Tramita na Câmara projeto que proíbe a retenção de veículos por atraso no pagamento do IPVA durante 90 dias após o vencimento. A proposta separa o que hoje está misturado: fiscalização de trânsito virando instrumento de cobrança tributária.
O autor é deputado da base aliada. O governo defende ajuste fiscal. Estados reclamam de perda de receita. Eis o racha.
O que está em jogo
A medida atinge em cheio o caixa dos governos estaduais. O IPVA representa cerca de 6% da receita própria dos estados. A ameaça de apreensão funciona como pressão para pagamento — pesquisas internas de secretarias de Fazenda mostram que a possibilidade de ter o veículo retido acelera a quitação em até 40%.
Mas o projeto argumenta com precedente constitucional: tributo não se cobra com sanção administrativa de trânsito. São esferas diferentes. O Código de Trânsito Brasileiro regula segurança viária, não arrecadação.

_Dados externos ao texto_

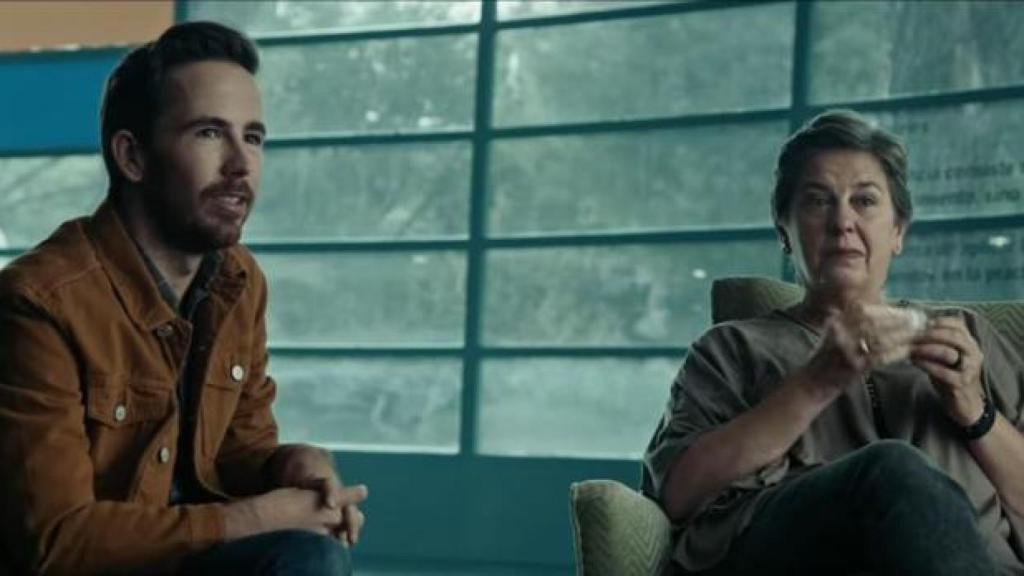 Ramón y María Jesús, hijo y madre en el anuncio de Ruavieja.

Para os defensores da proposta, misturar as coisas cria distorção. Um veículo em perfeitas condições de segurança fica impedido de circular por questão fiscal. O motorista paga multa, reboque, estadia no pátio — valores que às vezes superam o próprio imposto devido.
A fissura na coalizão presidencial
O projeto expõe contradição política delicada. O governo federal aposta no discurso da responsabilidade fiscal, corta gastos, persegue sonegadores. Ao mesmo tempo, deputados da própria base vendem imagem de proteção ao cidadão comum contra o peso da máquina estatal.

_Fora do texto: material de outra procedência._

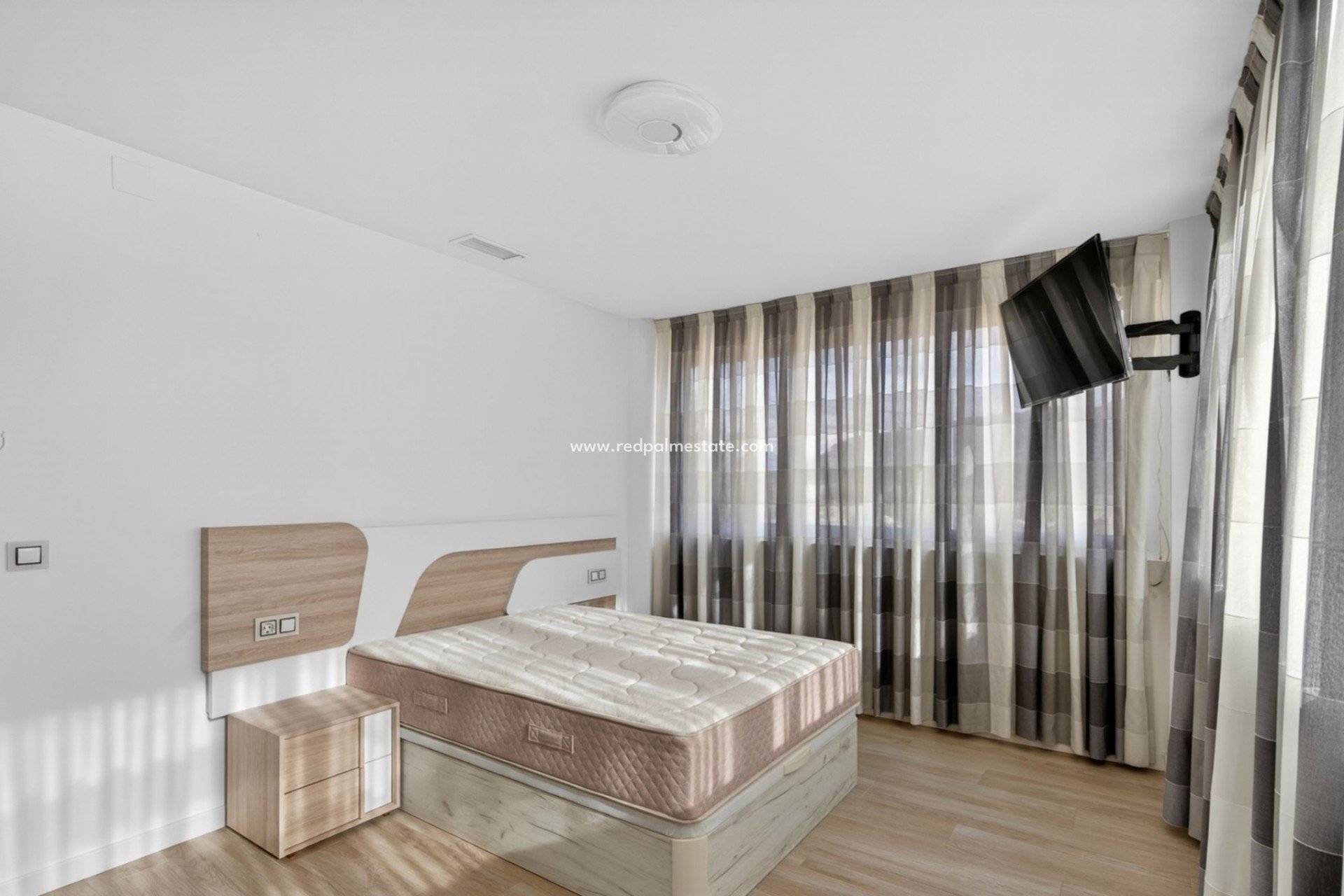 Videresalg - Villa -
Alicante - Rebolledo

Governadores da coalizão presidencial já sinalizaram desconforto. Querem que o Planalto contenha a iniciativa. Mas o autor do projeto acumula capital político em reduto eleitoral onde inadimplência do IPVA bate recordes.
A equação é simples: cada parlamentar calcula o saldo entre agradar a base local e manter alinhamento com a estratégia nacional do governo. Quando os dois entram em conflito, vence quem paga a conta da reeleição.
Precedente perigoso
Especialistas em federalismo fiscal veem risco maior. Se o IPVA ganhar carência de 90 dias sem consequência prática, outros tributos estaduais podem reivindicar tratamento semelhante. A lógica se espalha.
Estados já operam no limite da capacidade de endividamento. Dependem de receita própria para fechar contas. Qualquer sinal de flexibilização na cobrança gera efeito dominó — o contribuinte em dia questiona por que paga em dia.
Mas há outra leitura política. O projeto pode ser lido como termômetro do desgaste da agenda fiscal junto ao eleitorado de baixa renda. Quem mais sofre com apreensão de veículo por IPVA atrasado não é o dono de SUV importada — é o trabalhador que usa carro velho para sustentar a família.
O que vem pela frente
A proposta ainda precisa passar por comissões e plenário. Tem apoio difuso, mas não organizado. Governadores vão pressionar por rejeição ou desidratação. O Planalto precisa decidir se banca ou abandona o autor — parlamentar com trânsito em segmento importante da coalizão presidencial.
O mais provável é a solução clássica brasileira: o projeto avança com mudanças. Prazo de 90 dias vira 30. Ou fica valendo só para primeira apreensão. Ou apenas para veículos de determinado valor.
Todo mundo salva a face. Ninguém resolve o problema de fundo.
E na próxima blitz, o motorador com IPVA atrasado continua sem saber se volta pra casa dirigindo ou de ônibus.